People always ask if I have more than one sugar daddy. This is almost a catch 22 question to answer. After working in strip clubs for years and in different states, I have regular customers who I stay in contact with. Some of these people have watched me become the person I am today along with aiding in achieving my goals and dreams. I hold them close to my heart. The way I looked through their eyes helped me to realize and become who I am. This is where being a stripper may cause odd relationships to occur. However, these platonic relationships are some of the most priceless.

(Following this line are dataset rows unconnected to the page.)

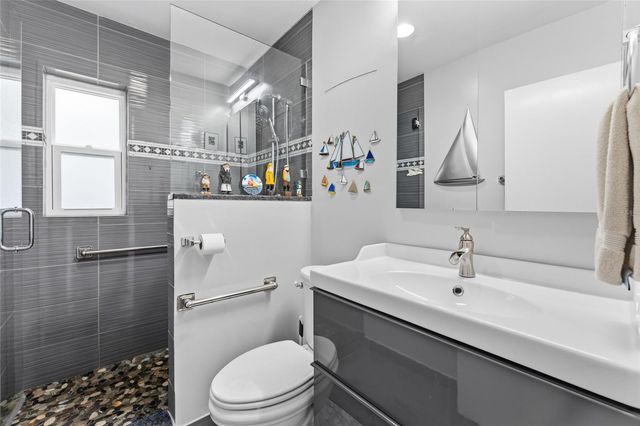 7003 N 13TH STREET, Tampa, FL 33604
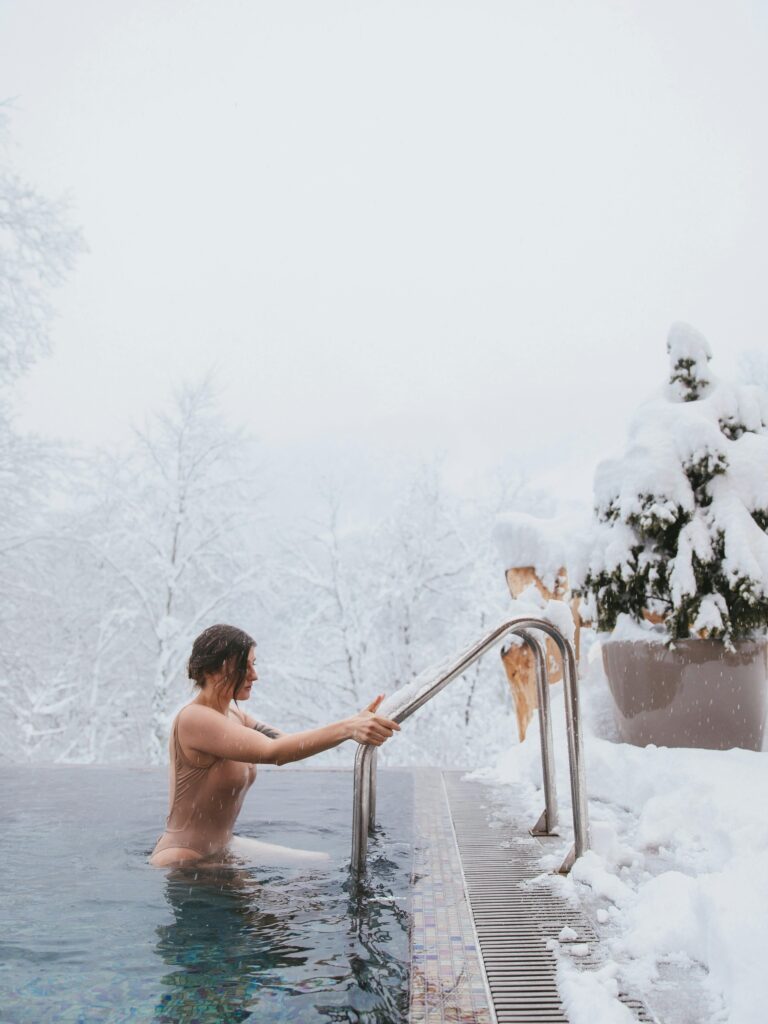 Pratique de la méthode Wim Hof en extérieur dans la neige
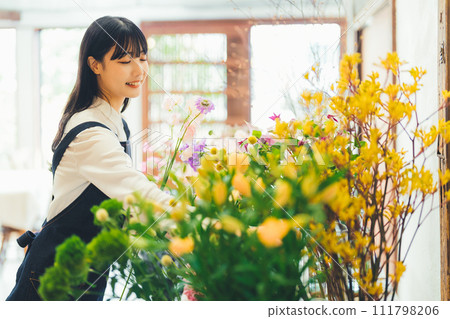 工作在花店的婦女 111798206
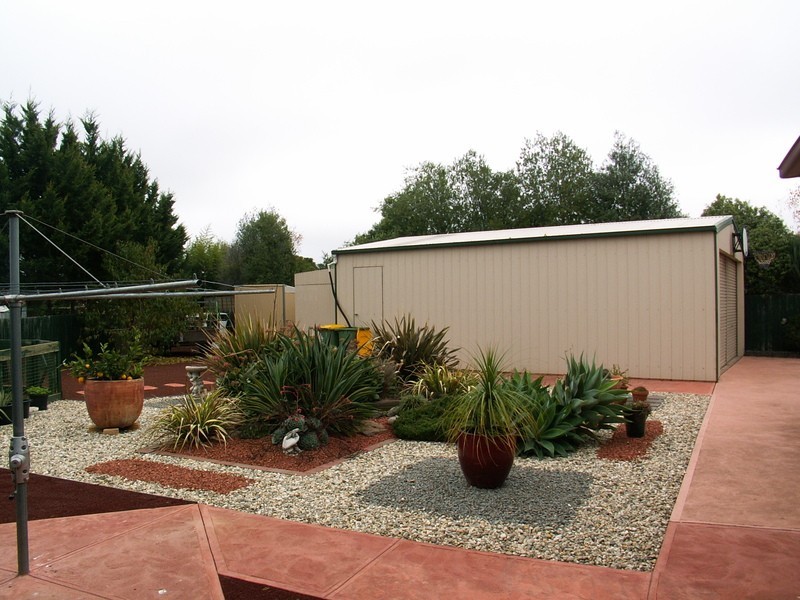 Melton West VIC 3337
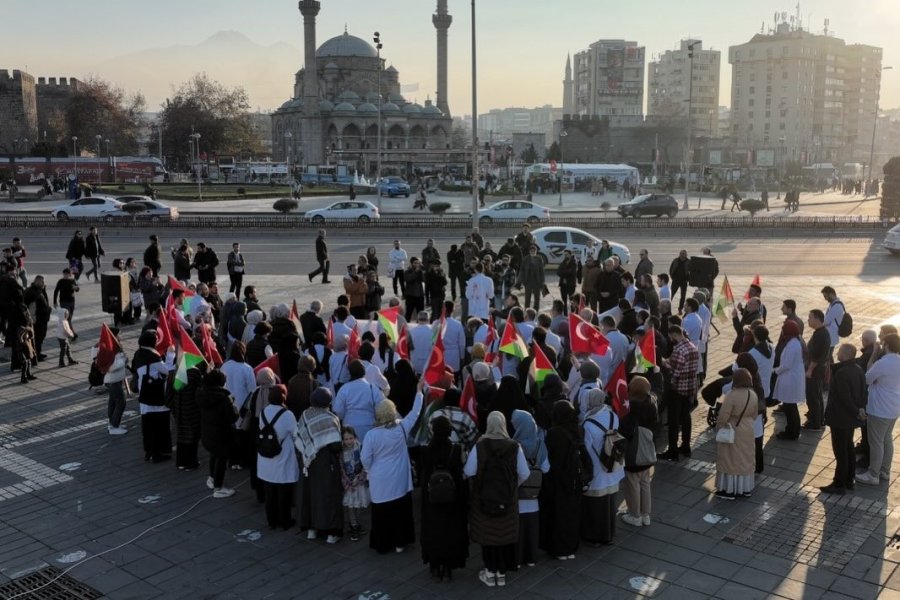 Doktorlar Ve Sağlık Çalışanları İsrail’i Protesto Etti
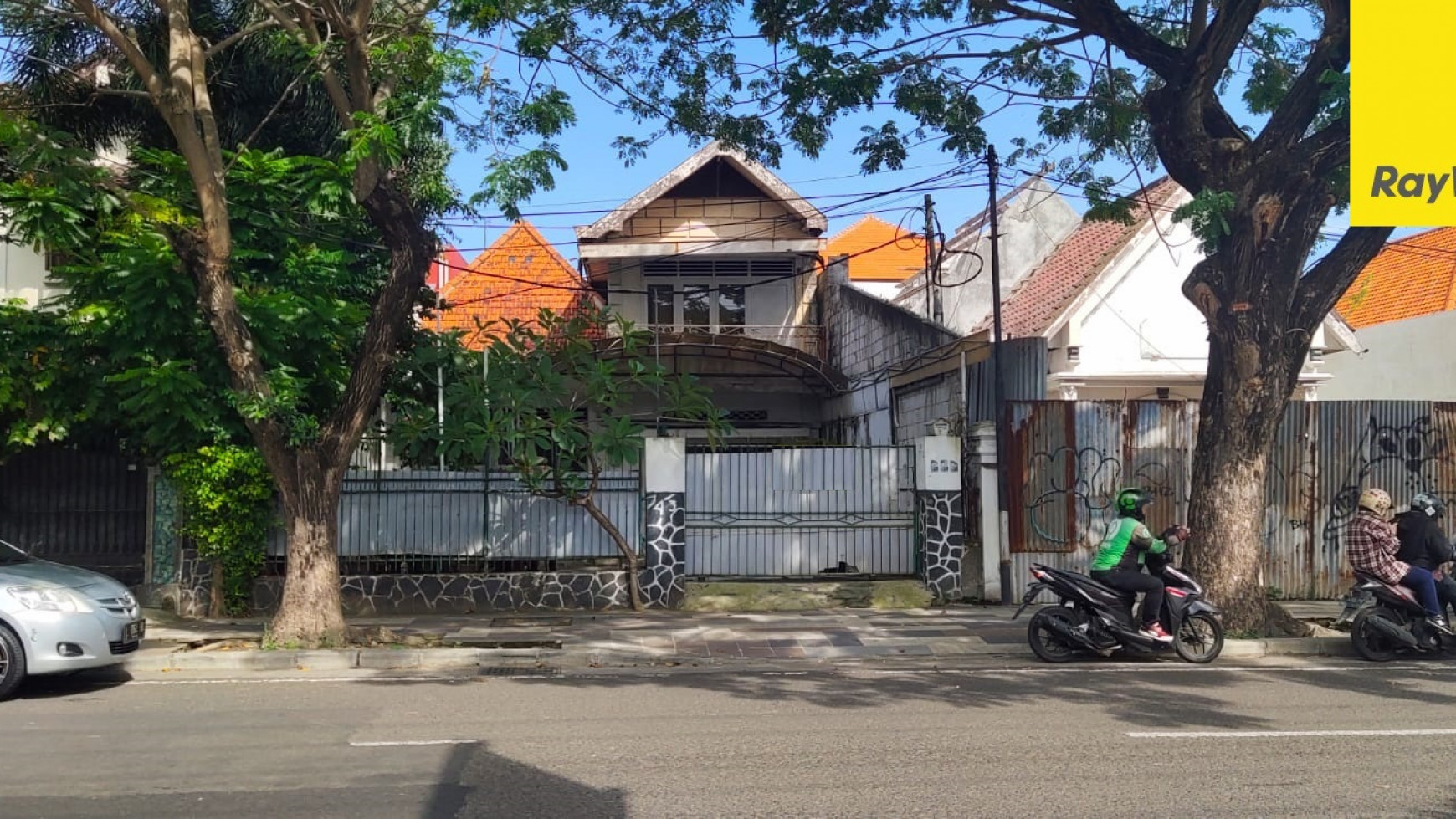 Dijual Rumah Pusat Kota di Jalan Bengawan, Darmo, Surabaya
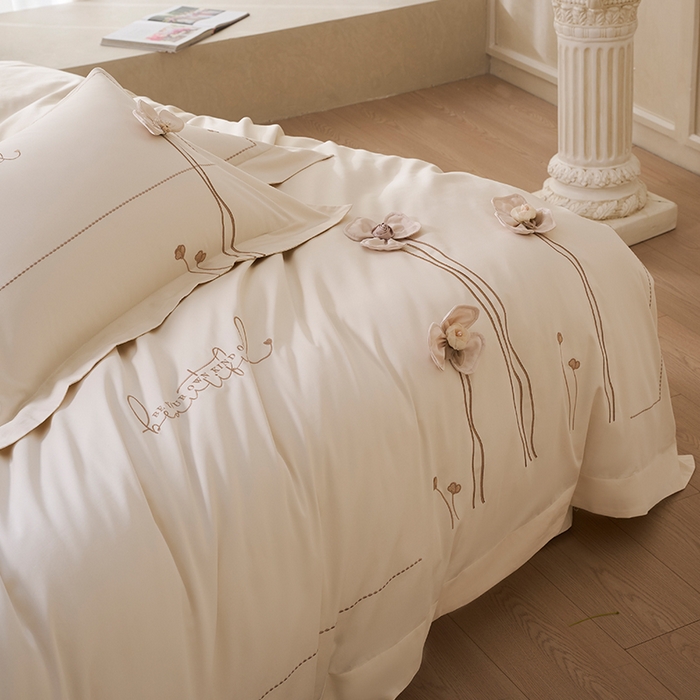 91家纺网 家纺一手货源 找家纺 诗黛尔 2026春夏新款长绒棉刺绣洛薇尔系列四件套（会员-20） 洛薇尔 浅香槟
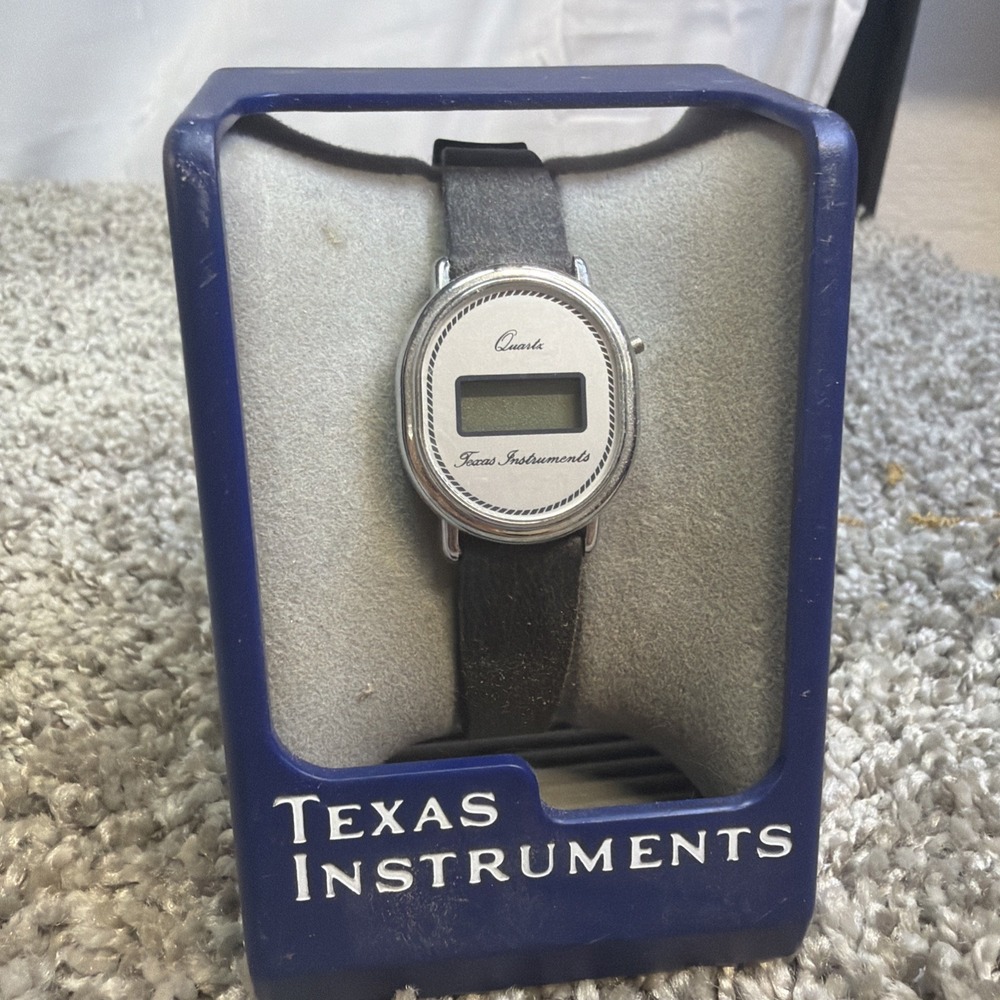1980s Vintage Texas Instruments digital LADIES Navy watch new in case B5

As far as sugar daddies, having more than one is just the logical thing to do. Sugar is based on logic, not feelings! Yes, I may enjoy time with sd A over sd B, but it all comes down to who makes my life sugary in all aspects. If we were in a traditional relationship all my needs would be met by one man, but sugar is not traditional. It is about feeling valued and appreciated, while individually and actively gaining personal evolution.

Early on I learned that sds will try to sell emotions to sugar babies. As a sugar baby, I have nothing to gain by trying to sell emotions other than a pleasant experience. However sugar daddies on the other hand, will try to sell emotions or other positive qualities they possess to get a financial break. Still receiving everything they were seeking to get out of sugar, just at a discount.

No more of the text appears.